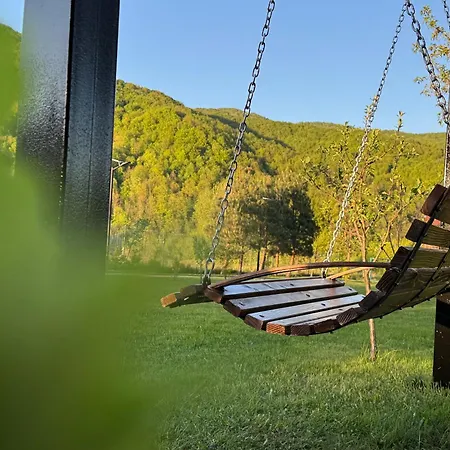 Pensión в горах у аліни 3*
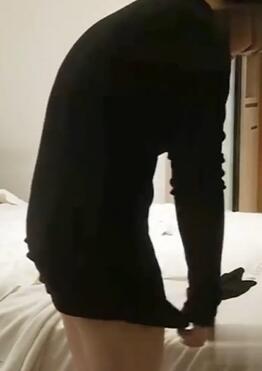 小刚酒店约05年学生妹身材好声音甜美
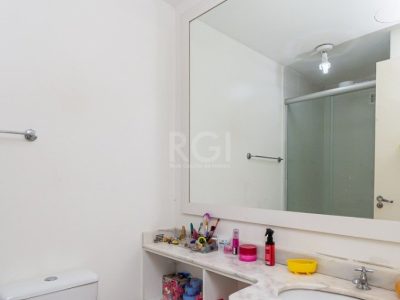 Apartamento à venda com 65m², 3 quartos, 1 suíte, 1 vaga no bairro Vila Ipiranga em Porto Alegre - Foto 18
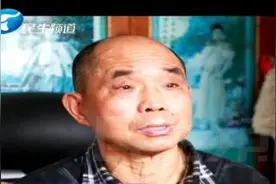 “不能撇下他！”70岁哥哥打两份工照顾弟弟15年……图片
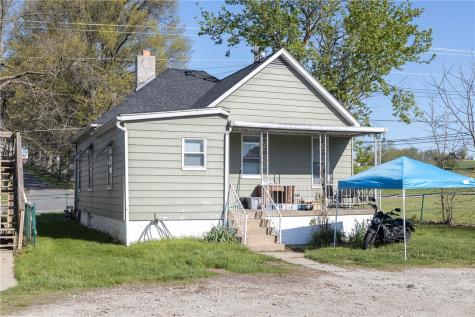 520 W Pike Street Meadowlands PA 15347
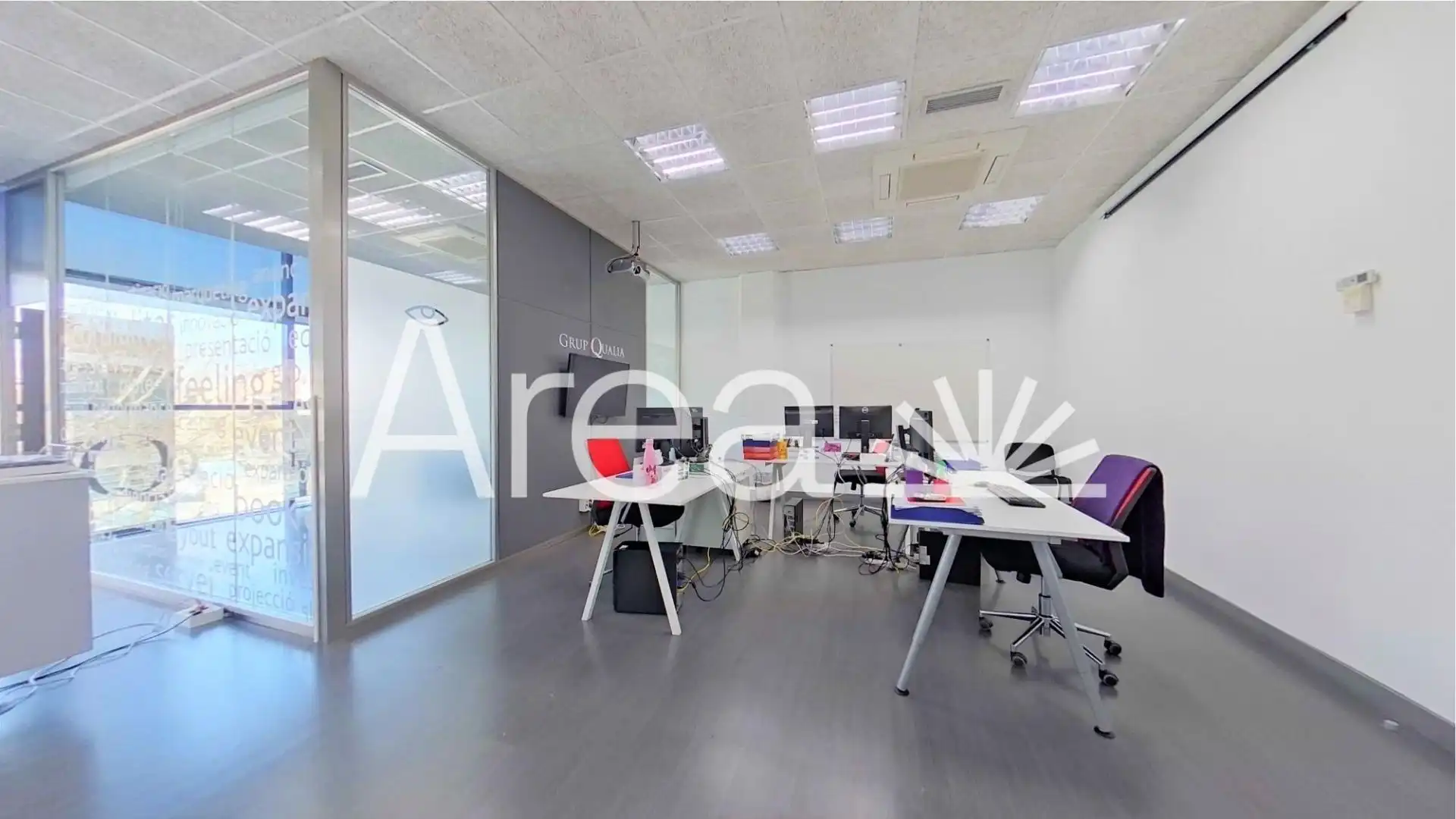 Office for sale in Mataró  with Air Conditioner and Heating
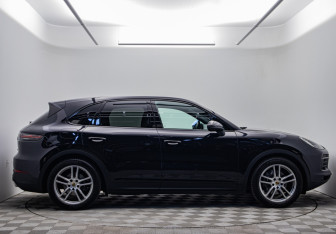 Подержанный автомобиль Porsche Cayenne 2020 года (4 фото)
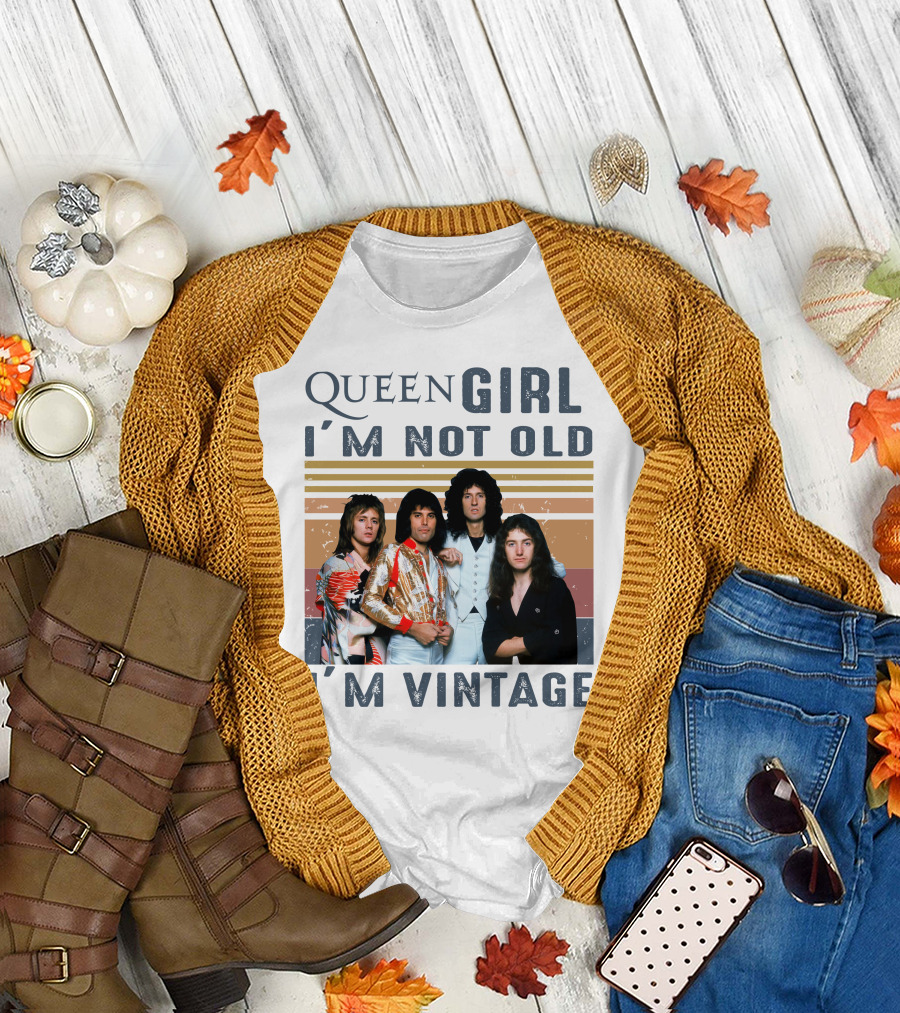 Queen Girl I'm Not Old I'm Vintage T-Shirt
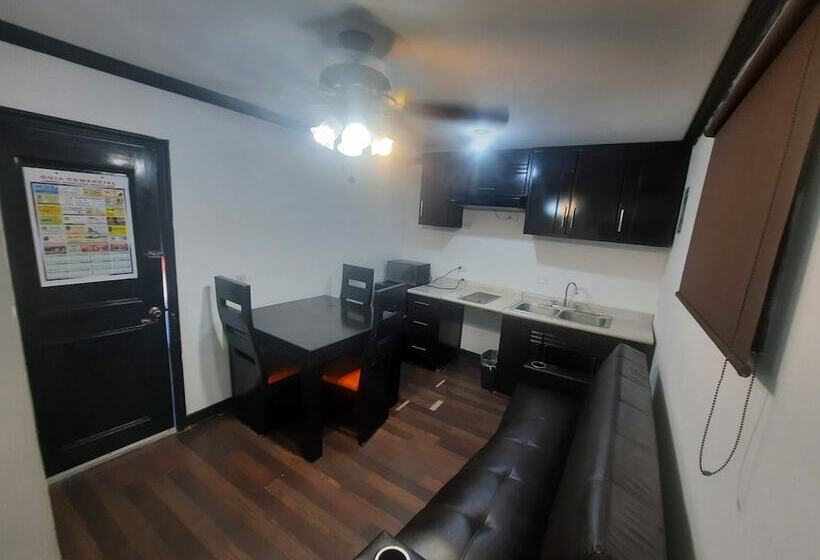 استودیوی استاندارد, Garcias Suites Y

☆ ☆ ☆ ☆

● **WORK ORDER**: Only the lines from the one with "520 W Pike Street Meadowlands PA 15347" through the final line of the entries above should be transcribed, exactly and without pictures.

● **ANSWER SECTION**:
 520 W Pike Street Meadowlands PA 15347
 Office for sale in Mataró  with Air Conditioner and Heating
 Подержанный автомобиль Porsche Cayenne 2020 года (4 фото)
 Queen Girl I'm Not Old I'm Vintage T-Shirt
 استودیوی استاندارد, Garcias Suites Y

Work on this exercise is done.